= Shirley Pledger =

New Zealand mathematician and statistician

Shirley Pledger is a New Zealand mathematician and statistician known for her work on mark and recapture methods for estimating wildlife populations. She is an emeritus professor in the School of Mathematics and Statistics of Victoria University of Wellington.

==Education and career==
Pledger became a student at Victoria University of Wellington in 1961, and chose mathematics over physics because of its more welcoming environment to women at that time. She specialised in algebraic topology and earned a master's degree. Originally intending to go into secondary-school education, she was instead persuaded by the department head, professor J. T. Campbell, to become a lecturer in mathematics at Victoria University of Wellington in 1965. She married another new lecturer in mathematics, Ken Pledger, in 1967, and gave up her lecturership in 1970 soon before the birth of their first child.

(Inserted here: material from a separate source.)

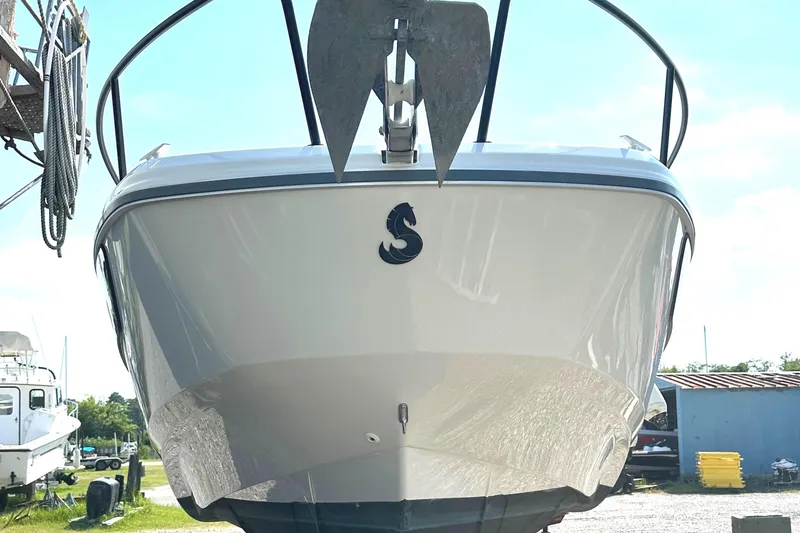 Slide: The Image of 2022 Beneteau Flyer 8 SUNdeck boat front view with anchor, outdoors. - 20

A few years later she returned to academia as an instructor in statistics at Wellington Polytechnic and in 1980 she obtained a lecturer position in statistics at Victoria University of Wellington. While working there, she completed a Ph.D. in statistics in 1999, concerning mark and recapture methods. She was given a chair as a professor of biometrics at the university in 2011.

==Recognition==
Pledger is the 2014 winner of the Campbell Award of the New Zealand Statistical Association.